Benchmarck elastic cluster with rally

Hello,

I am going to setup a Prod cluster, I receive 30GB of logs per day (Need to keep the data 1 month in Hot node and 11 months in warm node )

I did some maths, and I am going to use (3 hot nodes and 4 warm nodes ) [64GB of memory in each node)

I have never used rally before, that's why I would like to ask some questions :
1- How can I benchmark this clutser to see how many eps I can get with this cluster configuration ? 2- Should I create the cluster first to be able to benchmark it, or rally can simulate it ?

Thanks in advance,
Best regards

Hi @Abdelhalim,

Have you had a look through the rally Quickstart docs? This runs through installing rally and running a basic benchmark.

We also have some documentation related to..

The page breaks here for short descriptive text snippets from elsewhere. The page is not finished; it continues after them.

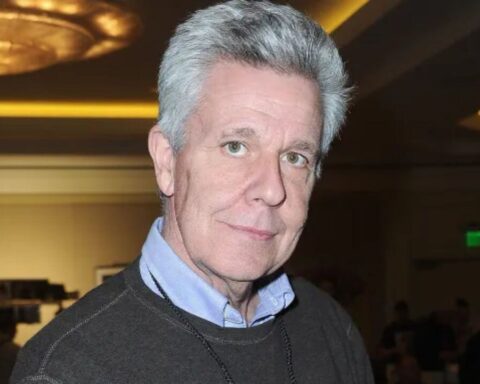 stephen-hibbert-gimp-tod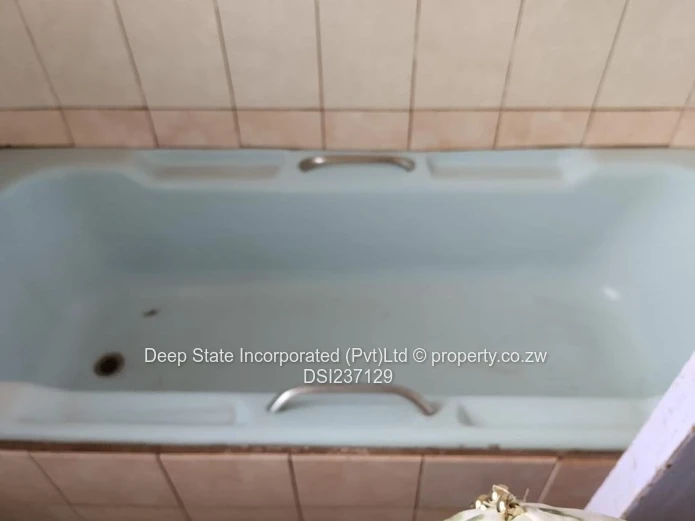 Warrent D house for sale (150m from Bulawayo road)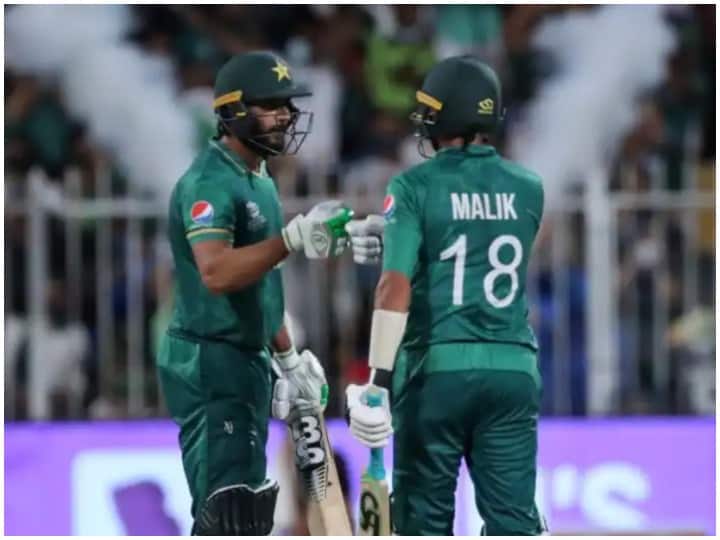 T20 World Cup 2021: पाकिस्तान की लगातार दूसरी जीत, राउफ के तूफान में उड़ा न्यूजीलैंड, 5 विकेट से हराया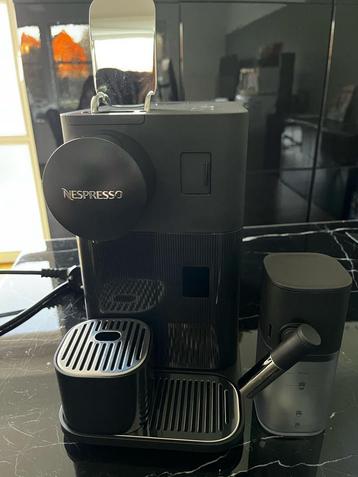 Nespresso Lattissima One - koffiemachine De’Longhi, Elektronische apparatuur, Koffiezetapparaten, Ophalen, Zo goed als nieuw, Koffiemachine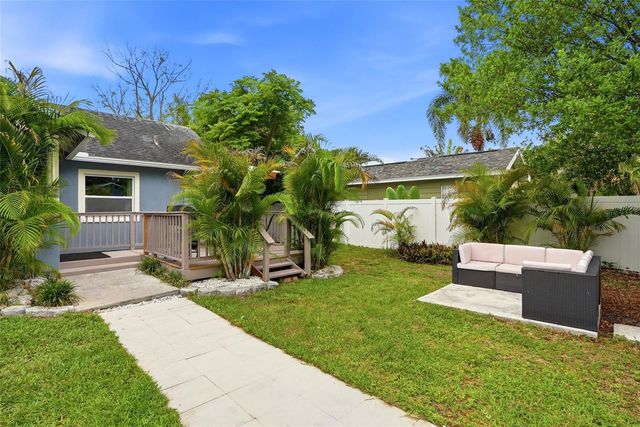 4627 1ST AVENUE N, St Petersburg, FL 33713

2- Should I create the cluster first to be able to benchmark it, or rally can simulate it ?

Rally can do either - but in any case you'll first need to have provisioned the underlying infrastructure (i.e. the machines themselves).

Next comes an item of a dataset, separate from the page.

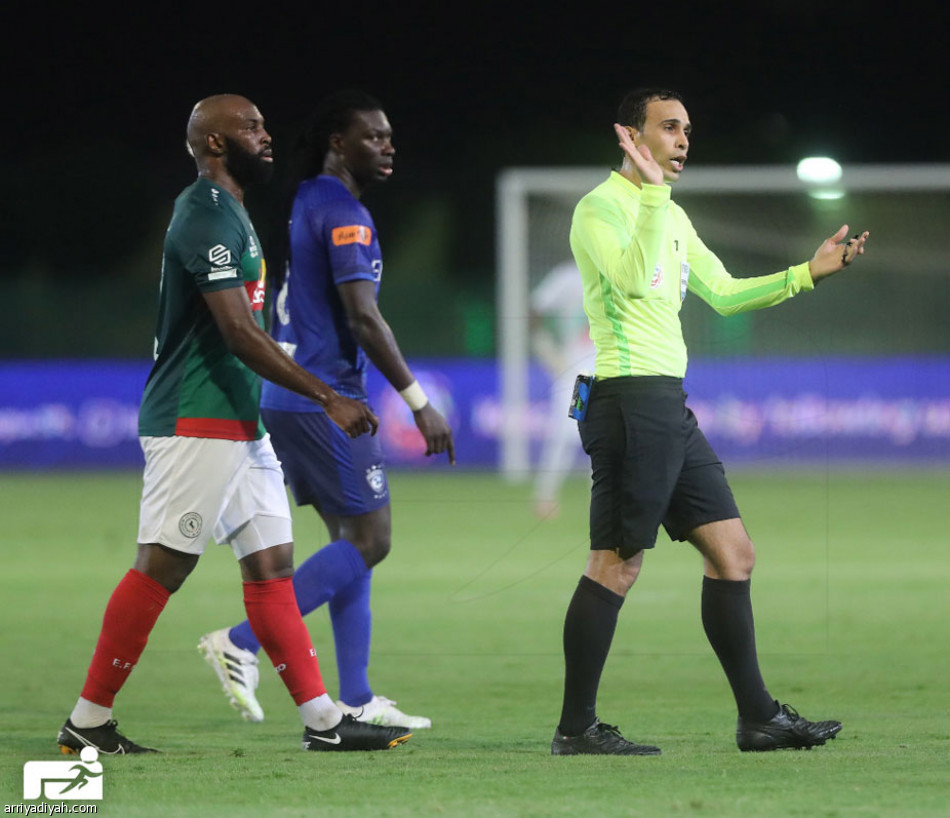 الهلال.. صدارة قبل النصر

See Setting up a Cluster on how to use Rally to provision Elasticsearch for you.

This should be enough to get you started!

Thanks,
Brad

1 Like

Thanks @Bradley_Deam , the documentation helped me to understand how rally works,
I am using the command bellow to test the benchmark :

esrally race --track=http_logs --target-hosts=10.13.81.11:9200,10.13.81.12:9200,10.13.81.13:9200 --pipeline=benchmark-only --client-options='use_ssl:true,verify_cert:true,ca_certs:'ca.crt',client_cert:'beat.crt',client_key:'beat.key',basic_auth_user:'elastic',basic_auth_password:'My_Passwd'' --track-params='number_of_shards:1' --track-params='number_of_replicas:0'

I have just 1 final question :

I would like to benchmark the indexing and searching performance in the same time. for the search for example for 5 users with a targeted throughput of 1000 OPS.

Could you please tell me which options to add to my command ?

Best regards

Sorry for the delay here, the notification of your reply got lost in my inbox :frowning:

I would like to benchmark the indexing and searching performance in the same time. for the search for example for 5 users with a targeted throughput of 1000 OPS.

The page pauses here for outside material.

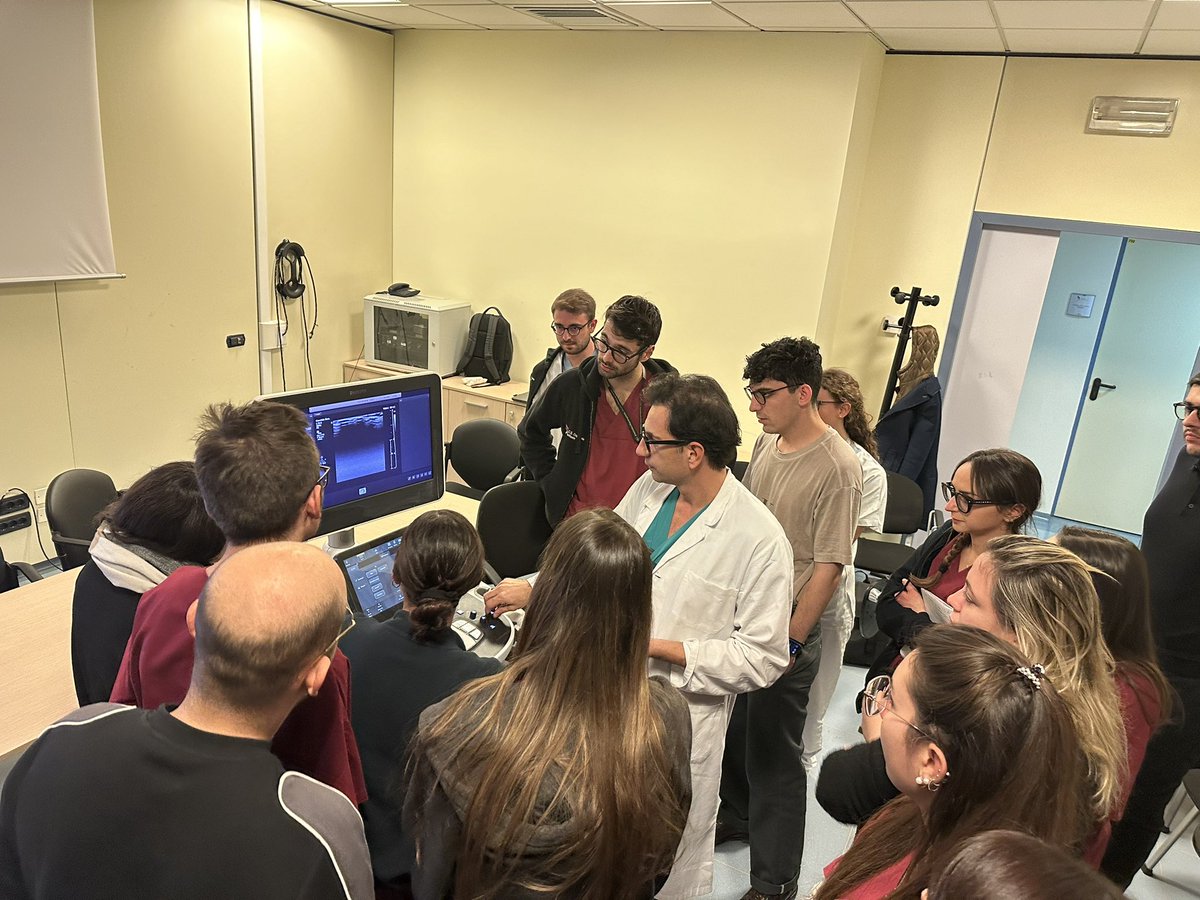 SRAnesthesiaICU's tweet photo. First lesson to #anesthesia #icu first year residents by @md_monaco on ultrasound #POCUS 

and we now move to the #simulation lab of @MyUniSR for a three days crash course by @GiacomoMonti et al https://t.co/0gE3xAJdnk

Could you please tell me which options to add to my command ?

Sure - this sounds like a great fit for a parallel block - see the docs here. The docs also contain an example of concurrent indexing and querying..

In this scenario, we run indexing and a few queries in parallel with a total of 14 clients:



schedule": [
 {
   "parallel": {
     "tasks": [
       {
         "operation": "bulk",
         "warmup-time-period": 120,
         "time-period": 3600,
         "clients": 8,
         "target-throughput": 50
       },
       {
         "operation": "default",
         "clients": 2,
         "warmup-iterations": 50,
         "iterations": 100,
         "target-throughput": 50
       },
       {
         "operation": "term",
         "clients": 2,
         "warmup-iterations": 50,
         "iterations": 100,
         "target-throughput": 200
       },
       {
         "operation": "phrase",
         "clients": 2,
         "warmup-iterations": 50,
         "iterations": 100,
         "target-throughput": 200
       }
     ]
   }
 }

Note that the target-throughput specifies the number of requests per second over all clients, so a target-throughput: 50 with clients: 2 means each client will aim to perform ~25 op/s.